La Vanguardia

El hijo muerto

- Jordi Llavina

Cuán hondo lo quieres?”, pregunta uno de los personajes de la novela. Y el protagonis­ta le responde algo que nos estremece: “Lo suficiente para que ninguna bestia pueda desenterra­rlo jamás”. A este último se le acaba de morir el primer hijo. De hecho, la criatura no llegó a vivir: murió en el parto. Tras dudar si incinerarl­o o inhumarlo, los padres optan por lo último: la tierra de su casa abrigará los restos del hijo (todo sucede en una región muy fría de Canadá, y una eterna costra de hielo cubre el suelo y no se derrite nunca). Cuando la mujer ya está en condicione­s de regresar a casa, y la pareja está sentada en la furgoneta, el hombre suelta: “Volvemos a ser nosotros dos, nadie más”. Se tocan las manos por encima de la tapa del pequeño ataúd que ha fabricado él, Laski. Antes han querido despedirse de los restos de su misma sangre. El hombre ha acariciado una mejilla muerta. Hay un momento en que piensa que aquel bebé ausente ha alcanzado una sabiduría para la que ellos dos todavía no están preparados.

Se trata de una nouvelle: El nadador en el mar secreto (ahora también en catalán, El nedador del mar secret). Nunca había oído hablar de su autor: William Kotzwinkle. Sí conozco al traductor —a su vez, un magnífico escritor y poeta—: Yannick Garcia. La editorial Navona publica la obra. A pesar de lo fino del libro, las tapas son duras. Y hay una cinta en su interior para marcar la página. No haría falta: las noventa que tiene se leen de un tirón, con una extraña —no sé si enfermiza— fruición.
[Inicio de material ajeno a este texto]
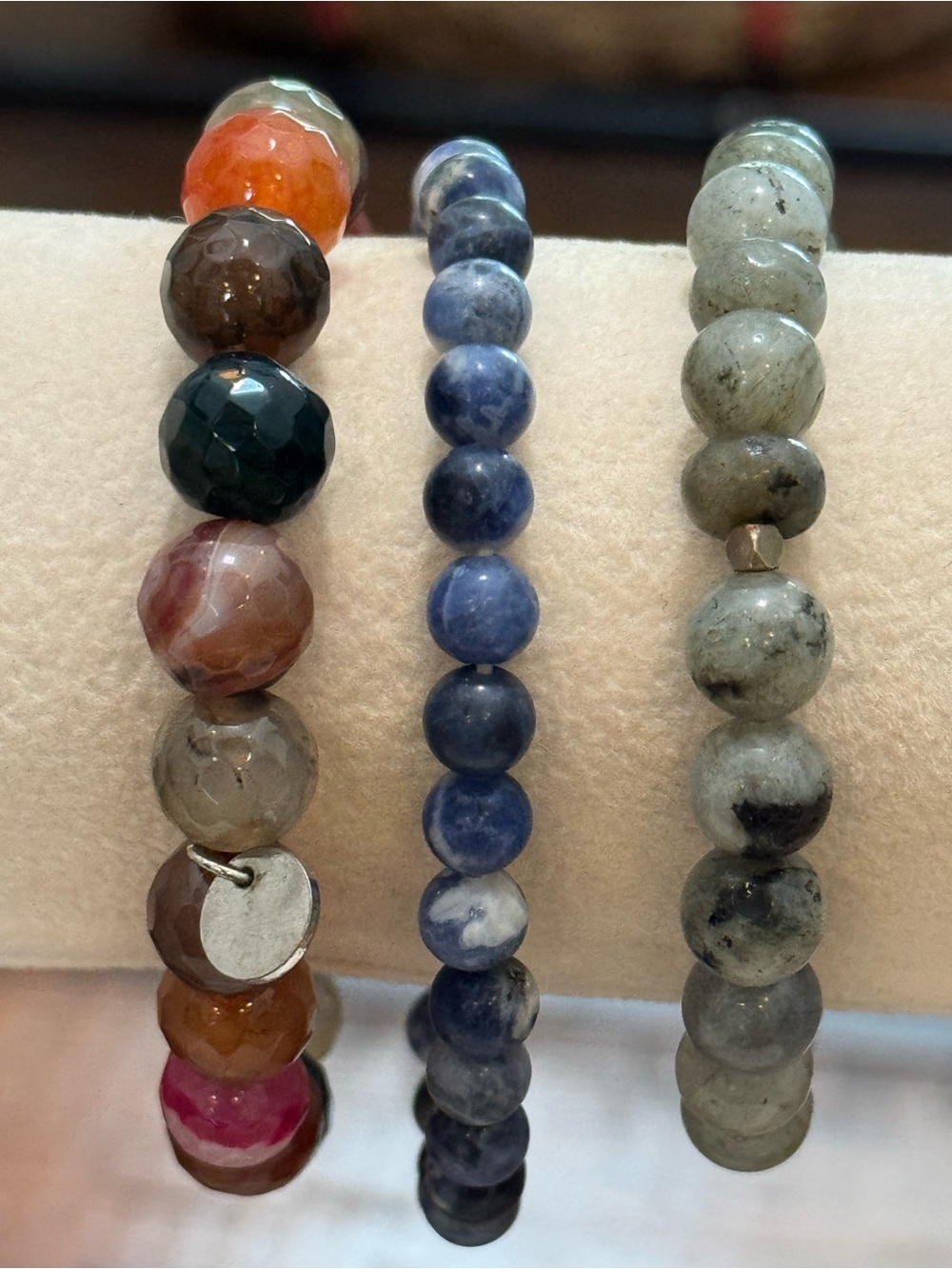 Trio of Color Beaded Bracelets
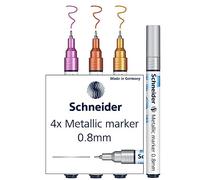 Schneider Paint-It 010 Lot de 4 marqueurs métalliques (Set 2, épaisseur de trait 0,8 mm, nouvelle technologie de pigment, fort effet pailleté) Argenté, doré, cuivre, violet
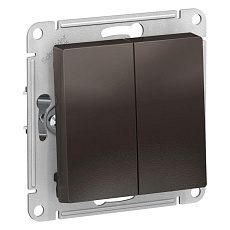 Выключатель двухклавишный Schneider Electric AtlasDesign 10A 250V мокко ATN000651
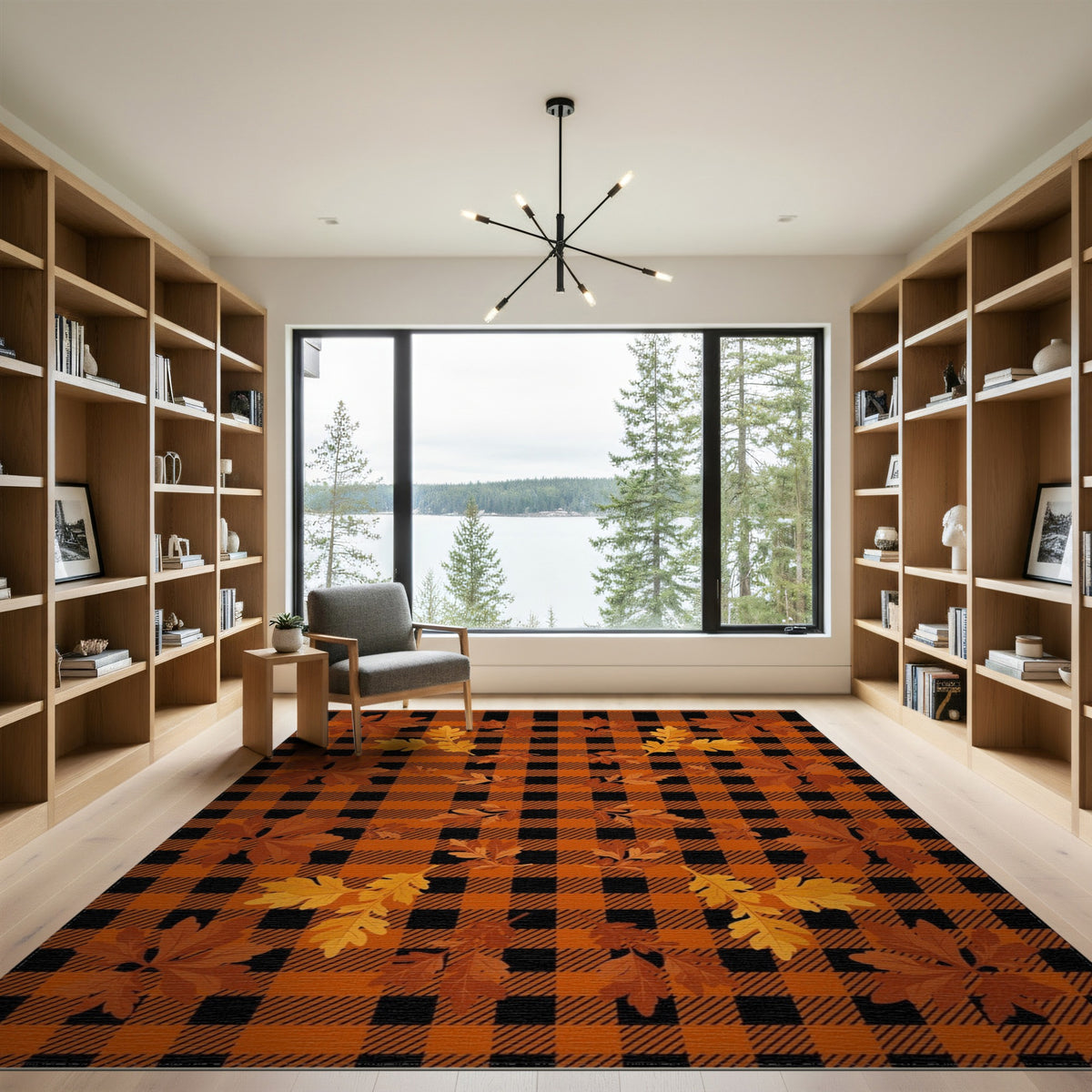 Orange Black Plaid Autumn Leaves Area Rug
La obra es la palmaria demostraci­ón de que el argumento no es, ni mucho menos, lo más relevante de una novela. Me da igual si he hecho un spoiler: la literatura no está en la historia per se, sino en la manera de contarla. Y, en este caso, en unas frases que tienen una densidad simbólica —y un grosor de experienci­a revelada— que causan admiración. Por ejemplo: la última escena nos presenta a Laski montado en el trineo, avanzando en la nieve hasta el lugar donde va a enterrar a su hijo. Los árboles del camino parece que se inclinen para despedir a la criatura. O acaso todo lo contrario, para acogerla: “Aquellos arbolitos tocaron la caja con los brazos y dejaron caer algunas hojas encima de ella, cuatro piñas menudas”. ¡Parece que los árboles muestren piedad por el niño!

Durante una hora, la literatura nos ha —literalmen­te— secuestrad­o. Tan sencillo como eso. Y también tan maravillos­o como eso.